** Given data follows **

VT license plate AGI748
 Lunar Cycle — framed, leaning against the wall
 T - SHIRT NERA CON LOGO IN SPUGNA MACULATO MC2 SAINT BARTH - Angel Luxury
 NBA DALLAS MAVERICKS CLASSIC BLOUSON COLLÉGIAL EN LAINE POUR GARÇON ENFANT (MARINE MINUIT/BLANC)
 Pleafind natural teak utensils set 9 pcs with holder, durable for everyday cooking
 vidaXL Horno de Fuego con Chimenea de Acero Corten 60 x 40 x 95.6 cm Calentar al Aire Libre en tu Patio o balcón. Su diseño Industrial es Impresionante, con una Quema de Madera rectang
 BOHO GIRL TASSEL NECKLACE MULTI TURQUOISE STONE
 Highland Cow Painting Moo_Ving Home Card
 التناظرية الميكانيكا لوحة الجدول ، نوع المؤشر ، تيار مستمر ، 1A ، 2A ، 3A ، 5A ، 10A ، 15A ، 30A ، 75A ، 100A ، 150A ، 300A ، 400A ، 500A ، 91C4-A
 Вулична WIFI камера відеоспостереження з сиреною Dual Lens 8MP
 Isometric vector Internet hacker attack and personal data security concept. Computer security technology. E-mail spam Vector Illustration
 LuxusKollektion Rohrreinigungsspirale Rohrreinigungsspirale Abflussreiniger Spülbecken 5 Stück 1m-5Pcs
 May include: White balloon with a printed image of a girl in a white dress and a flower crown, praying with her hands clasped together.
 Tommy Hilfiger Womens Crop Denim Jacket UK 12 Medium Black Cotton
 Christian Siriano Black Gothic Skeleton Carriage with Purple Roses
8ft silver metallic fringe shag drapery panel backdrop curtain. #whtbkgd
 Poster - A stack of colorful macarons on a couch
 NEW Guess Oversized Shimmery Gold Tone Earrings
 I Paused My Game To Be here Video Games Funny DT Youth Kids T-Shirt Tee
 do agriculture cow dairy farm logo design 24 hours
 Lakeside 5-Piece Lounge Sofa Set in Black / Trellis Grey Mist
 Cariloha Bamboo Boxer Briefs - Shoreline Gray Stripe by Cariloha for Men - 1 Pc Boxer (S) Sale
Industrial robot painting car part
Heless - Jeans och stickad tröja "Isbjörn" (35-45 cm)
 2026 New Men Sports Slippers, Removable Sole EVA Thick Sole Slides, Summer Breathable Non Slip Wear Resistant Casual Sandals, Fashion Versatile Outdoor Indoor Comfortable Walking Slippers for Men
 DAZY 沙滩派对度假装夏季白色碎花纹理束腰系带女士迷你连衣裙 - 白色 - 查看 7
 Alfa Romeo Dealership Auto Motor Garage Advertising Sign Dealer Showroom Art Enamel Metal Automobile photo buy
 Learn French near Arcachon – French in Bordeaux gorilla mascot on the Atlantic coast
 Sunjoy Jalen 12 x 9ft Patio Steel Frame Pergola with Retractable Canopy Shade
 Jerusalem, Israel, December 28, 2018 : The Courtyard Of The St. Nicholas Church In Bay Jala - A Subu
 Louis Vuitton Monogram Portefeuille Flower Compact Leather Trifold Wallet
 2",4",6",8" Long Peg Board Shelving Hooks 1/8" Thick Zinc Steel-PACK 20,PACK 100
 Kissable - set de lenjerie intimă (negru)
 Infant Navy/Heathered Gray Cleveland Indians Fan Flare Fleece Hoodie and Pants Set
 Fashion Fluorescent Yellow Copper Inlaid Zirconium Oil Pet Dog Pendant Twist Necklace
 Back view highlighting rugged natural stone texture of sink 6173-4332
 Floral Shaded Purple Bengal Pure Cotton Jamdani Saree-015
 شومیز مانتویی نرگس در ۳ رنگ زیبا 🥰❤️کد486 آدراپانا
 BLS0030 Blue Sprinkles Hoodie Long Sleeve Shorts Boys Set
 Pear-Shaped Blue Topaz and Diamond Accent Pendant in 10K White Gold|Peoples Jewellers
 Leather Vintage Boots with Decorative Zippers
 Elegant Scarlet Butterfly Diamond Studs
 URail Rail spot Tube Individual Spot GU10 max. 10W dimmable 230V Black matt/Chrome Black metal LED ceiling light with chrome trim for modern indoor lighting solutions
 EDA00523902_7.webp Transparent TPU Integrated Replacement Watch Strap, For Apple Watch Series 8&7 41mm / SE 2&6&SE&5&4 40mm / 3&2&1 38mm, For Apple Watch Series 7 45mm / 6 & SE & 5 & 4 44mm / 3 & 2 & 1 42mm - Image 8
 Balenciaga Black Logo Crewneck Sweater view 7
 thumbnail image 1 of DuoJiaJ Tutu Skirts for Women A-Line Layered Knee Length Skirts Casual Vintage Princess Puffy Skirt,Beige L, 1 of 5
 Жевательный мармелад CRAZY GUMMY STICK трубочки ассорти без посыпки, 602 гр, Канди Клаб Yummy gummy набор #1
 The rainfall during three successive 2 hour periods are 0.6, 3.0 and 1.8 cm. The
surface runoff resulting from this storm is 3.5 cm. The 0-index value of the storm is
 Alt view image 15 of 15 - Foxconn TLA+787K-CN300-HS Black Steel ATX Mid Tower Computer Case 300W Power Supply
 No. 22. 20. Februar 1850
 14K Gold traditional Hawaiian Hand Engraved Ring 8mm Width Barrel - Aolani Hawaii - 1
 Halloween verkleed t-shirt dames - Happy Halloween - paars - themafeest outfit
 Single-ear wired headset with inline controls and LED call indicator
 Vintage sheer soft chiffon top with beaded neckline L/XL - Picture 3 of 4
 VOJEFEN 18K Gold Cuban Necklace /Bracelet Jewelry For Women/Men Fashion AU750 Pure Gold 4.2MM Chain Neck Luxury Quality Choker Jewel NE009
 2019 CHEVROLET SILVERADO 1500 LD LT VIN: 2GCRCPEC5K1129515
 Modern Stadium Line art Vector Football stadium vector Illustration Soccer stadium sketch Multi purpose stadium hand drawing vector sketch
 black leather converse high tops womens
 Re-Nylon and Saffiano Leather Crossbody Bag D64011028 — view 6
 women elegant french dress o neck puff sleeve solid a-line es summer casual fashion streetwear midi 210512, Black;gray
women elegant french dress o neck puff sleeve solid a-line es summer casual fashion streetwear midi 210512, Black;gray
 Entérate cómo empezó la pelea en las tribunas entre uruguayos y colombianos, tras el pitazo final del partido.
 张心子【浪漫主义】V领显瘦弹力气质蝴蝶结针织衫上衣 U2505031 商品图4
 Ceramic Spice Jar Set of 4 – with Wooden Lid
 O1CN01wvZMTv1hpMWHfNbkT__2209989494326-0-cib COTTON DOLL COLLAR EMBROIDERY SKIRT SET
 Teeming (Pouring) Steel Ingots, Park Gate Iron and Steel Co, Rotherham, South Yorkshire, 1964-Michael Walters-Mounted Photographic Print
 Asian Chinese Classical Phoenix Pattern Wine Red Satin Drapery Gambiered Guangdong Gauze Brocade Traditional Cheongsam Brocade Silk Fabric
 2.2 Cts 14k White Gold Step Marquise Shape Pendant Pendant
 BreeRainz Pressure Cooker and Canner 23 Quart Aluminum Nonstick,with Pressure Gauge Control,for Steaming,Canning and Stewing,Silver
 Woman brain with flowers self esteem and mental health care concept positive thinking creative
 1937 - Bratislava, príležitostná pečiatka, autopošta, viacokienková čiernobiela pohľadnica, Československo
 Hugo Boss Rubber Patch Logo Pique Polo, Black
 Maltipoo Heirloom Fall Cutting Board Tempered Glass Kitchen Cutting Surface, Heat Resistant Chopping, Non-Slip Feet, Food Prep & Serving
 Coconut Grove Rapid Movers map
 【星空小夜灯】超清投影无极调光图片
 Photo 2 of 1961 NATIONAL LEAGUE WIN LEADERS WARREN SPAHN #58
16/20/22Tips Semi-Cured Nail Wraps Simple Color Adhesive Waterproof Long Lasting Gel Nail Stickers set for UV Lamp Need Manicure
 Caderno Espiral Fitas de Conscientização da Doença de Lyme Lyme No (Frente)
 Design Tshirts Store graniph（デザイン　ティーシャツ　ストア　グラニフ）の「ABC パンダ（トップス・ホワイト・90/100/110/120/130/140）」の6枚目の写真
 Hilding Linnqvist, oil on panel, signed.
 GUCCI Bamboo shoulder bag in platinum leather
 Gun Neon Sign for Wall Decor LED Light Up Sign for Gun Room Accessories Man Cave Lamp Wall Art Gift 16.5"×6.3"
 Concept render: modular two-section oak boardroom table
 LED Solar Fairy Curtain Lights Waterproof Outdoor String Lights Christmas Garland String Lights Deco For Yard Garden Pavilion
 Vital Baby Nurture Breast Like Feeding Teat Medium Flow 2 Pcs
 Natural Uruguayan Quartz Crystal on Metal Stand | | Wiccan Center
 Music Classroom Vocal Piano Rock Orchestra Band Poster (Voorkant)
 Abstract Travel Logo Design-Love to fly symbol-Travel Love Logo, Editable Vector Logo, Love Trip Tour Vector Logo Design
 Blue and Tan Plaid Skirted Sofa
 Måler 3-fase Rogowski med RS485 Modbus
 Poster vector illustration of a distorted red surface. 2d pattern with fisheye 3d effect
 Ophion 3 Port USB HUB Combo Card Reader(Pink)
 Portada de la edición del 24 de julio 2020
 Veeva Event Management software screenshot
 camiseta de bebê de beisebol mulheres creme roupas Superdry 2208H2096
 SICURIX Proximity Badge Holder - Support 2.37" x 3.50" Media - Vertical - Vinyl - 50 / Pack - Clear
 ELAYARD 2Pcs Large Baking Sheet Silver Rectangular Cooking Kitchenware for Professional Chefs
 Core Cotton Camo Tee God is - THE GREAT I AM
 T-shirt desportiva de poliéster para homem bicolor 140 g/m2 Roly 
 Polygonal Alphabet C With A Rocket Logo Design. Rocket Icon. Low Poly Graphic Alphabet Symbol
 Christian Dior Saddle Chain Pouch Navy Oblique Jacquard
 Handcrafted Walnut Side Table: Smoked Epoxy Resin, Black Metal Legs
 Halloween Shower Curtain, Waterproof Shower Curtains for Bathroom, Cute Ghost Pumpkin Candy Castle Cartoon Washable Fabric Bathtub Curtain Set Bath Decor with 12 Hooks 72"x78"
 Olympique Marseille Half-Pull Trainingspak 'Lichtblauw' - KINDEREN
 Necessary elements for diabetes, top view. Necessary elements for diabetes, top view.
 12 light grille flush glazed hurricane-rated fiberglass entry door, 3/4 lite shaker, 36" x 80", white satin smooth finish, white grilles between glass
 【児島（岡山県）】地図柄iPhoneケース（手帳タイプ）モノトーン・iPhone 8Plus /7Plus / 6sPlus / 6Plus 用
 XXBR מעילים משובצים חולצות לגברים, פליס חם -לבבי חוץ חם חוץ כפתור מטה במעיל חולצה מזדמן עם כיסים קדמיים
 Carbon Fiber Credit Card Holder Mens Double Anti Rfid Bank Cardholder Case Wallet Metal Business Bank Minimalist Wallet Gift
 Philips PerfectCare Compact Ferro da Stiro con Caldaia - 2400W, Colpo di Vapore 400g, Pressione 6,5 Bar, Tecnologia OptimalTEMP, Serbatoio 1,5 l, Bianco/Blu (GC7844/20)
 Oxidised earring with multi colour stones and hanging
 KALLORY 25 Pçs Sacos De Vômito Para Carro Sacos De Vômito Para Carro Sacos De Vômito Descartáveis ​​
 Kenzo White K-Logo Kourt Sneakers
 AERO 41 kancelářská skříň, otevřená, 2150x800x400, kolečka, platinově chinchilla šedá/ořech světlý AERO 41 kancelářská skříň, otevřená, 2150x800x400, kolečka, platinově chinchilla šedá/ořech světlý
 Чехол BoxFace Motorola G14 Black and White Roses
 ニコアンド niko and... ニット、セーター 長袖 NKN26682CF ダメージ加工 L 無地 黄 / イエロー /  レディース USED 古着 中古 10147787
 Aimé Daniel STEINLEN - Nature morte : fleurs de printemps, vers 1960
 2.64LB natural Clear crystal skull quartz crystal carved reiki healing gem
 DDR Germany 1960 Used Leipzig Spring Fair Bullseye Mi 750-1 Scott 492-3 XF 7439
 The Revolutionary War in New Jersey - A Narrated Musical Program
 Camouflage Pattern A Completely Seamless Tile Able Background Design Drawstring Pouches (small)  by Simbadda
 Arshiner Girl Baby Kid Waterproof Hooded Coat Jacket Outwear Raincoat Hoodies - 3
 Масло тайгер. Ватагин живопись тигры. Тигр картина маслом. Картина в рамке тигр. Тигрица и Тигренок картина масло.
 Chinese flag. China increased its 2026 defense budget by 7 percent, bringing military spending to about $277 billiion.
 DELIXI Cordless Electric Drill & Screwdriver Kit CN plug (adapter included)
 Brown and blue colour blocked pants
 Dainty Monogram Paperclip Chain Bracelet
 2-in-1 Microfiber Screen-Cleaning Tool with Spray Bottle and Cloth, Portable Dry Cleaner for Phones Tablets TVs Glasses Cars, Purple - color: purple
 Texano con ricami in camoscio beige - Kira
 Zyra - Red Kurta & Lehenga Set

** End of Given data **

Your objective: Only the lines above from the one with "Natural Uruguayan Quartz" through the one with "Måler 3-fase Rogowski med RS485 Modbus" should be duplicated, character for character.

Completed task:
 Natural Uruguayan Quartz Crystal on Metal Stand | | Wiccan Center
 Music Classroom Vocal Piano Rock Orchestra Band Poster (Voorkant)
 Abstract Travel Logo Design-Love to fly symbol-Travel Love Logo, Editable Vector Logo, Love Trip Tour Vector Logo Design
 Blue and Tan Plaid Skirted Sofa
 Måler 3-fase Rogowski med RS485 Modbus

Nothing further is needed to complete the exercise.